Dum Dum
Berlin, années 1930. Voilà une bonne dizaine d’années que la Première Guerre mondiale est terminée. Celle-ci semble bien loin, la capitale allemande avance à marche forcée vers un modernisme sans précédent et le nazisme gagne du terrain. Seulement, certains hommes ont beau avoir réussi à se tirer vivant de ce conflit meurtrier, leur esprit reste embrumé par les horreurs vécues. C’est le cas de Stan, qui est invité par un cousin à rejoindre la capitale pour travailler.
Tout le potentiel narratif et dramatique de Lukasz Wojciechowski s’était déjà révélé dans Soleil mécanique. Reprenant ici le petit format à l’italienne cartonné, on reconnaît immédiatement son style inimitable. Architecte, l’auteur polonais crée ses albums avec le logiciel de dessin technique AutoCAD. Il en ressort une bande dessinée à nulle autre pareille, au design anguleux basé sur la ligne.
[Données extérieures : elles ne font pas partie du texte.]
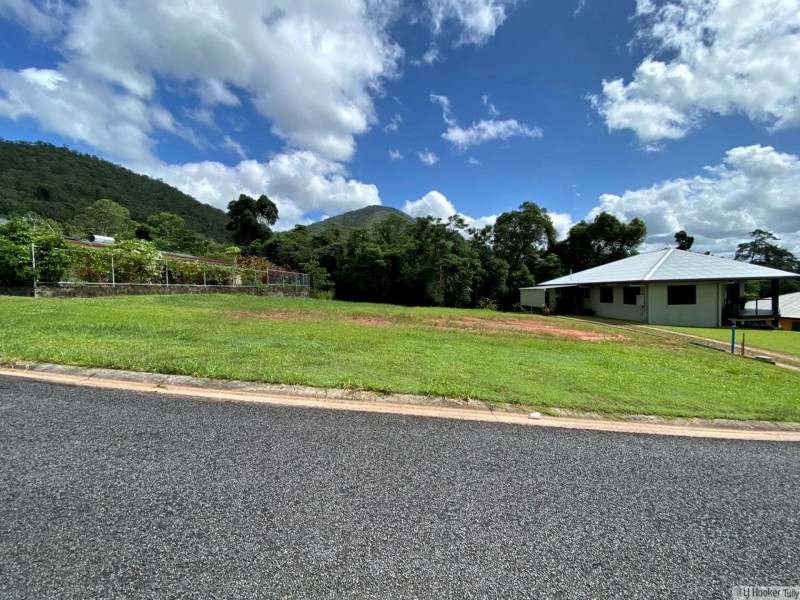 33 Pease Street, Tully QLD 4854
Exploitant ses potentialités de nombreuses manières, Lukasz Wojciechowski parvient à rythmer son titre et à lui prêter une allure et un cachet certains.
Bluffé par l’aspect technique de cette démarche, on est agréablement surpris de constater que la forme entre en résonance avec le fond. Inspiré par l’histoire de son propre arrière-grand-père, l’auteur parvient à retracer une histoire personnelle, mais également un récit historique universel d’une vraie richesse. Car l’histoire de Stan, c’est aussi celle de nombreux Polonais qui ont survécu à la guerre et sont revenus du front en subissant des troubles de stress post-traumatique. À l’époque, les recherches sur le sujet n’en sont qu’à leurs balbutiements et les survivants tentent de poursuivre leur vie sans aucune prise en compte de leur état. Dans Dum Dum, titre provenant du nom des balles utilisées durant la guerre et dont le son hante Stan au quotidien, nous entrons dans le cerveau et les pensées de cet homme meurtri. Et dans une montée en puissance progressive le récit prend son ampleur et parvient à capter la détresse permanente dans laquelle ces victimes sont baignées. Un tour de force d’autant plus remarquable qu’il repose sur une grande sobriété de mise en scène.